Let's calculate the score for "is" following "the cat" (i.e., $S(\text{"is"}|\text{"the cat"})$) using a trigram model and $ \alpha=0.4 $. We will use a smoothed unigram probability for the final backoff step, let's assume $P(\text{"is"}) = 0.05$.

Attempt Trigram: Check for "the cat is".
count("the cat is") = 1 > 0
count("the cat") = 2 > 0
Score = 1 / 2 = 0.5

Success! We found the trigram and calculated the score directly.
Attempt another Trigram: Let's calculate $S(\text{"runs"}|\text{"the cat"})$.
count("the cat runs") = 0

Trigram not found. We must back off.
Back off to Bigram: Now we calculate $ \alpha \cdot S(\text{"runs"}|\text{"cat"}) $.
count("cat runs") = 0

Bigram not found. We back off again.
Back off to Unigram: Now we calculate $ \alpha \cdot \alpha \cdot S(\text{"runs"}) $. The score for a unigram is its pre-computed (smoothed) probability.

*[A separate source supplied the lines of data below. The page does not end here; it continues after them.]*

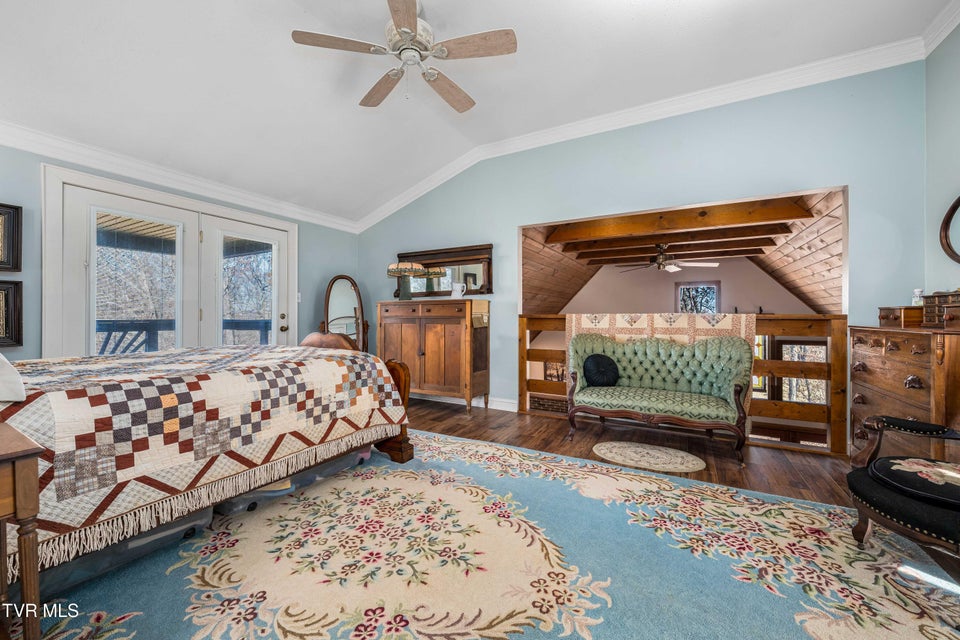 Photo #33: 500 Urbana Road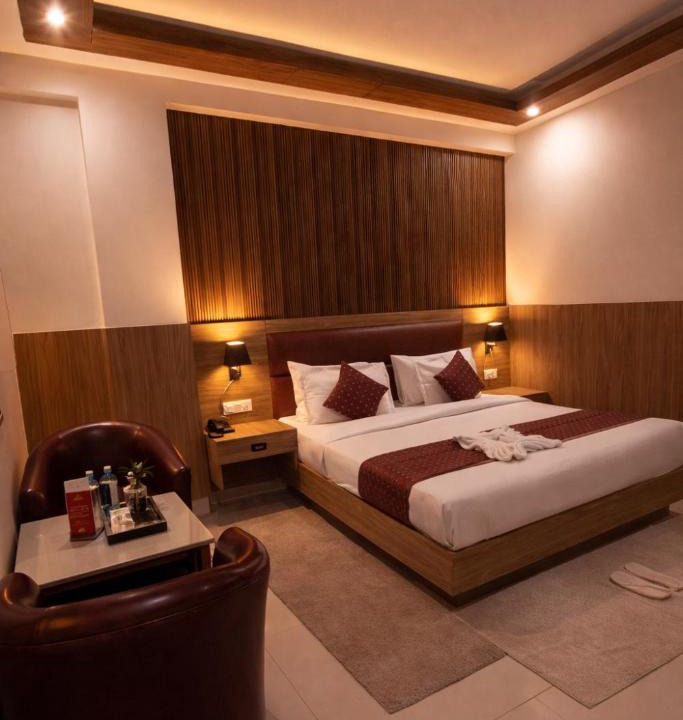 Aerocity Hotel | Airport Hotel Vella VILLA By Corporate Group Delhi IGI Airport Terminal 3 With Free Airport Pickup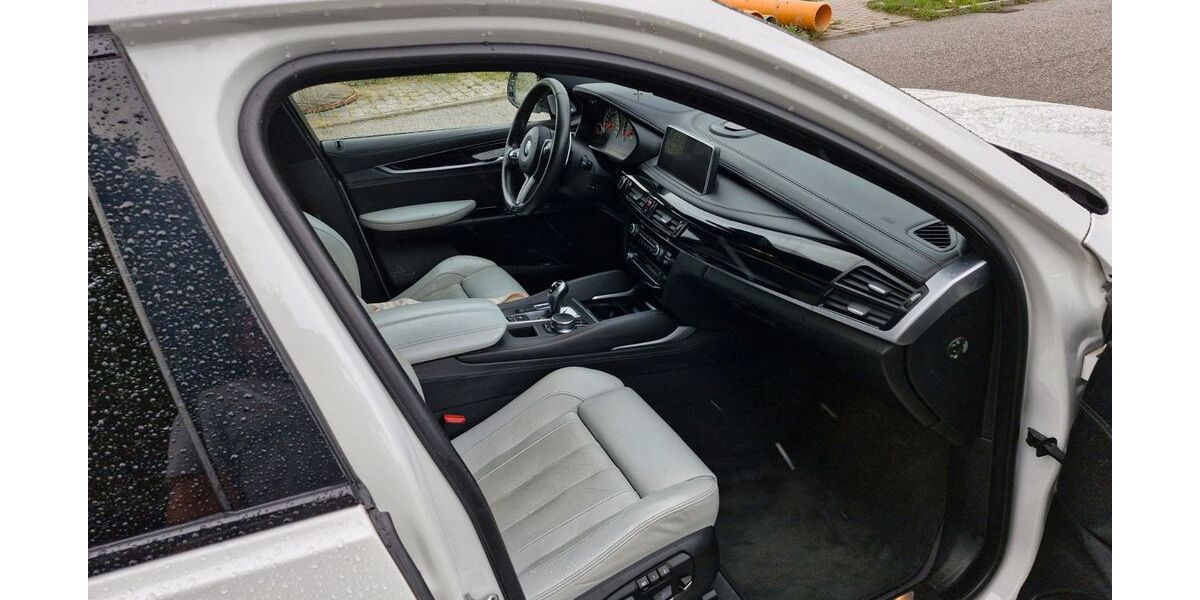 BMW X6 M 120.000 km 41.000 &euro; Eppingen 75031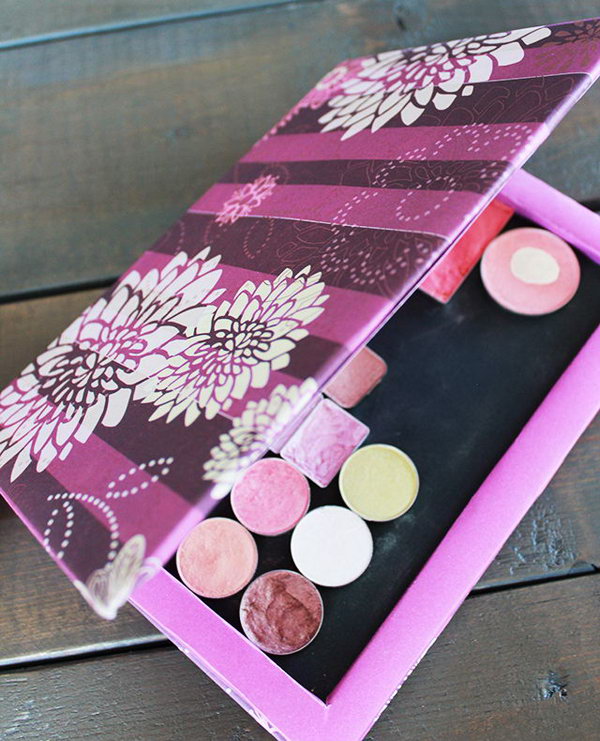 This DIY makeup palette is a perfect budget solution for those who have powders floating around. You just need some paper and cardboards to create a practical and inexpensive palette for your own.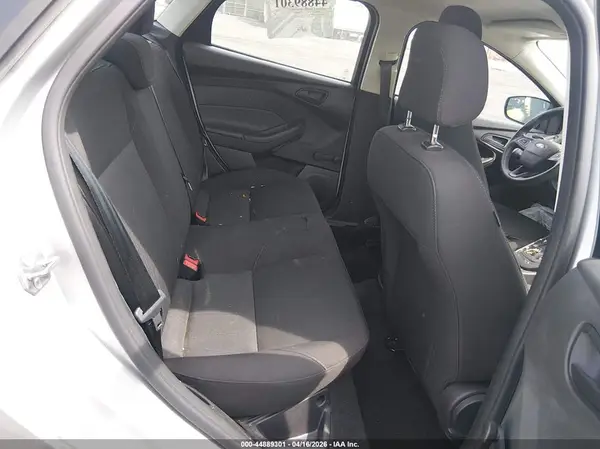 1FADP3E21GL215118 2016 FORD FOCUS - Image 8
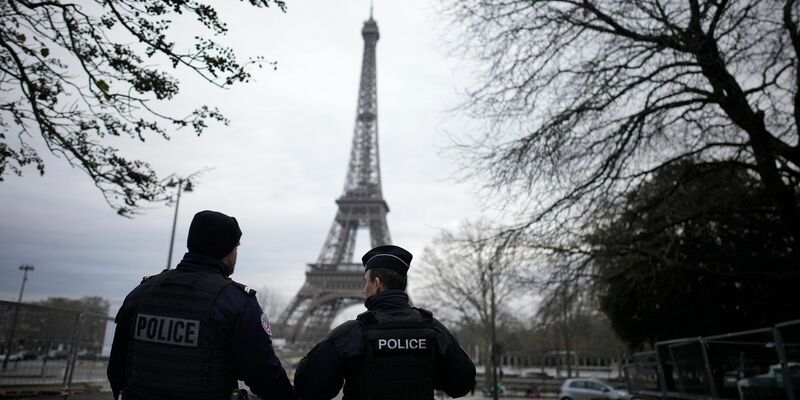 Ein Angreifer hatte am Samstagabend in Paris einen deutschen Touristen erstochen. - Foto: Christophe Ena/AP/dpa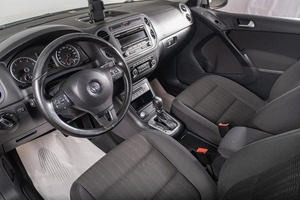Внедорожник Volkswagen Tiguan 2013 года, 1629000 рублей, Томск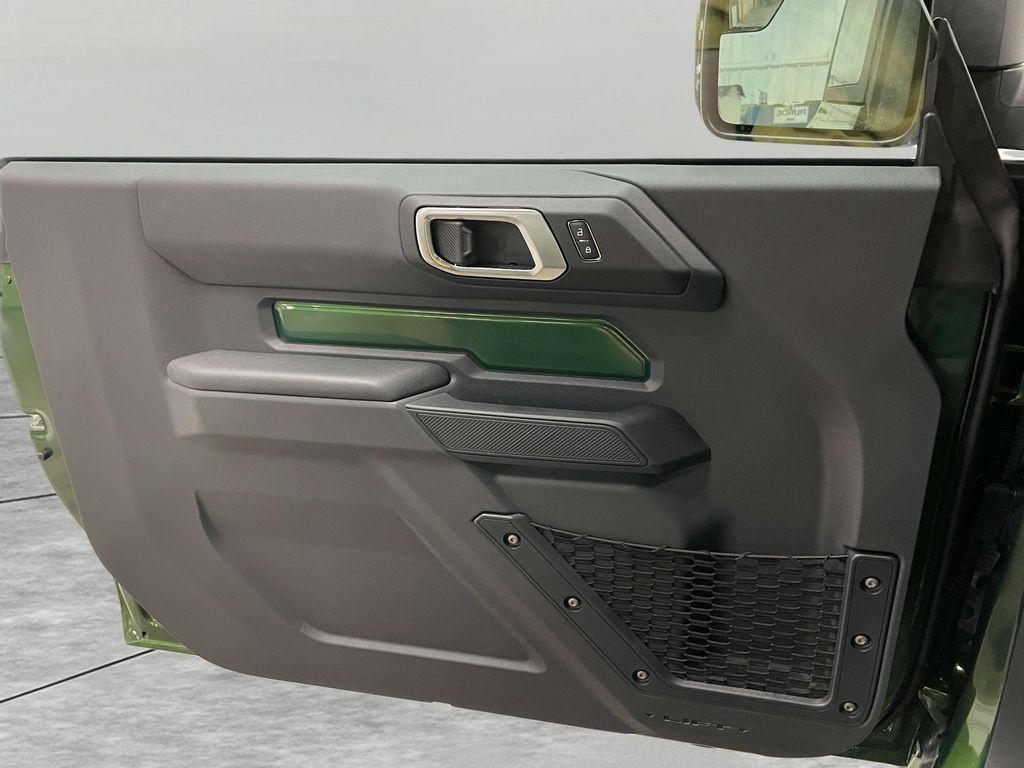 new 2025 Ford Bronco car, priced at $45,646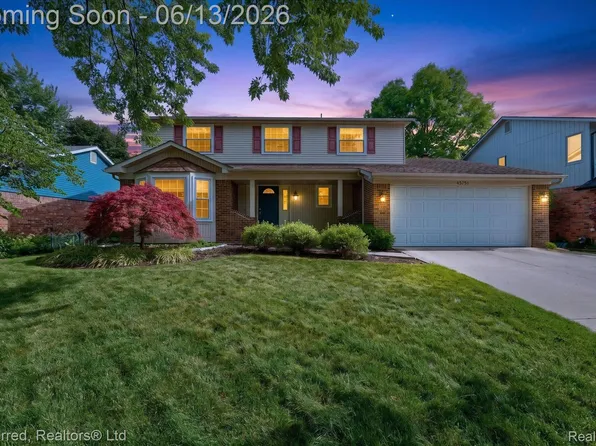 43751 Oakbrook Rd, Canton, MI 48187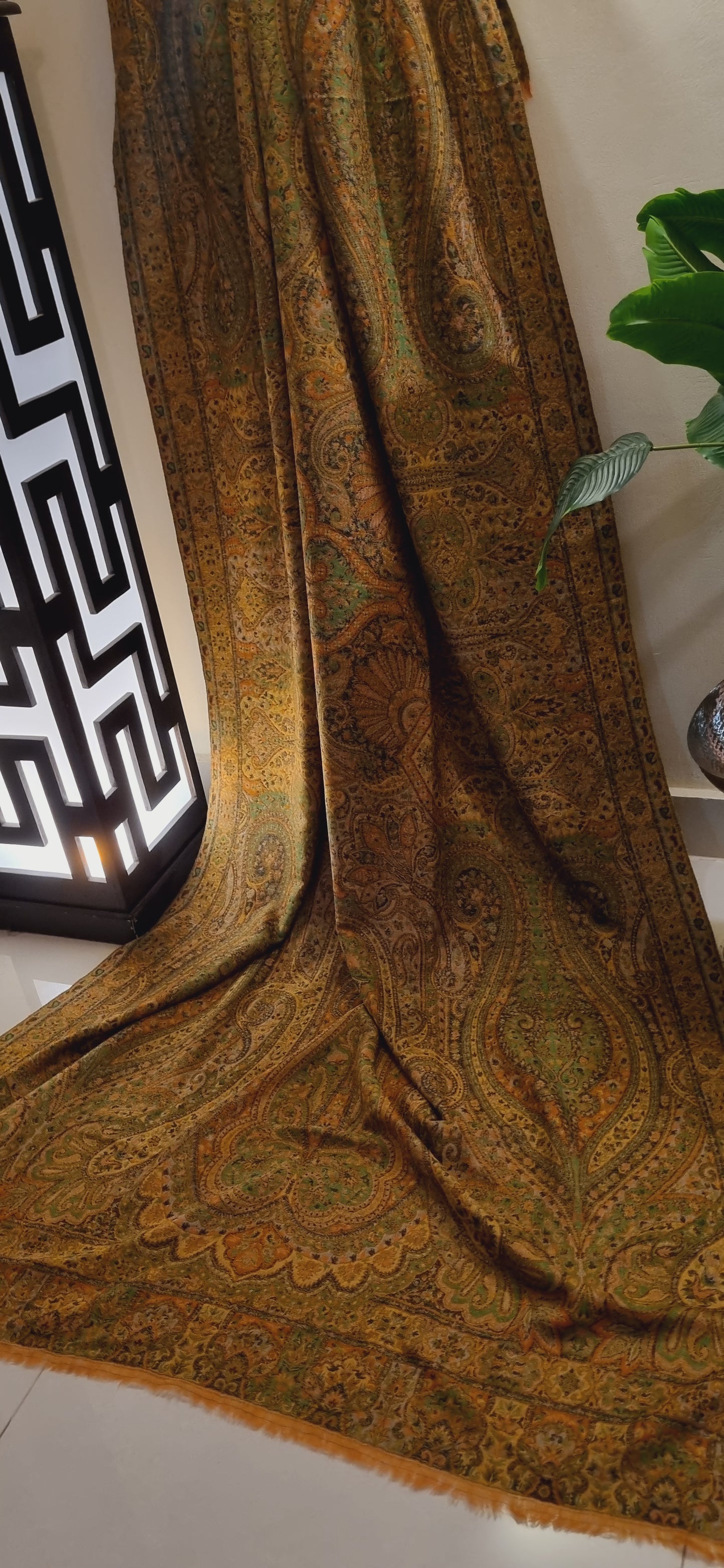 Reversible persian toosh kaani shawl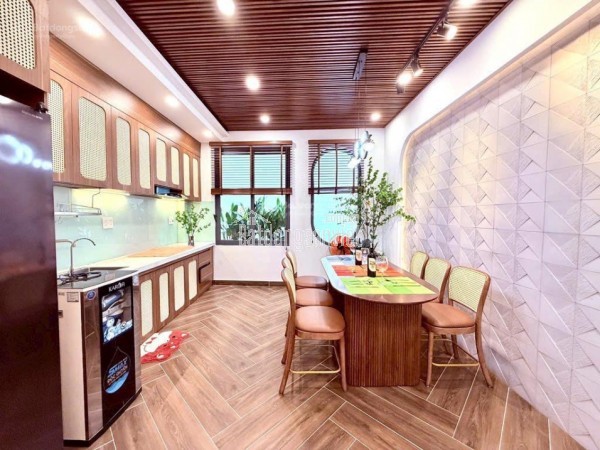Nhà 5 tầng thang máy, 56m², 4PN, gara ô tô, hẻm Lê Văn Thọ, Gò Vấp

Let's assume $P(\text{"runs"}) = 0.01$.
Final Score = 0.4 * 0.4 * P("runs") = 0.16 * 0.01 = 0.0016

We arrived at a non-zero score through backoff.

4. Evaluating Language Models

How do we know if our model is any good? We measure its performance on a test set—a separate chunk of text the model was not trained on. The most common metric is Perplexity.

Perplexity (PP)

Intuition: Perplexity measures how "surprised" a model is by new text. A lower perplexity is better, indicating the model was less surprised and did a better job of predicting the text.

Perplexity is the inverse probability of the test set, normalized by the number of words (N).

$$ PP(W) = \sqrt[N]{\frac{1}{P(w_1, w_2, ..., w_N)}} $$

Example: Calculating Perplexity

Let's evaluate a bigram model on a new sentence: "the cat sat".

1. Calculate sentence probability:

$$ P(\text{"the cat sat"}) \approx P(\text{"the"}) \times P(\text{"cat"} | \text{"the"}) \times P(\text{"sat"} | \text{"cat"}) $$

Imagine our model gives these probabilities:

$ P(\text{"the"}) = 0.1 $
$ P(\text{"cat"} | \text{"the"}) = 0.3 $
$ P(\text{"sat"} | \text{"cat"}) = 0.4 $

$ P(\text{sentence}) = 0.1 \times 0.3 \times 0.4 = 0.012 $

2. Calculate Perplexity:

The sentence has N=3 words.

$$ PP(W) = \sqrt[3]{\frac{1}{0.012}} = \sqrt[3]{83.33} \approx 4.37 $$

The perplexity is 4.37. We would compare this to other models' perplexity on the same test set to determine which is better.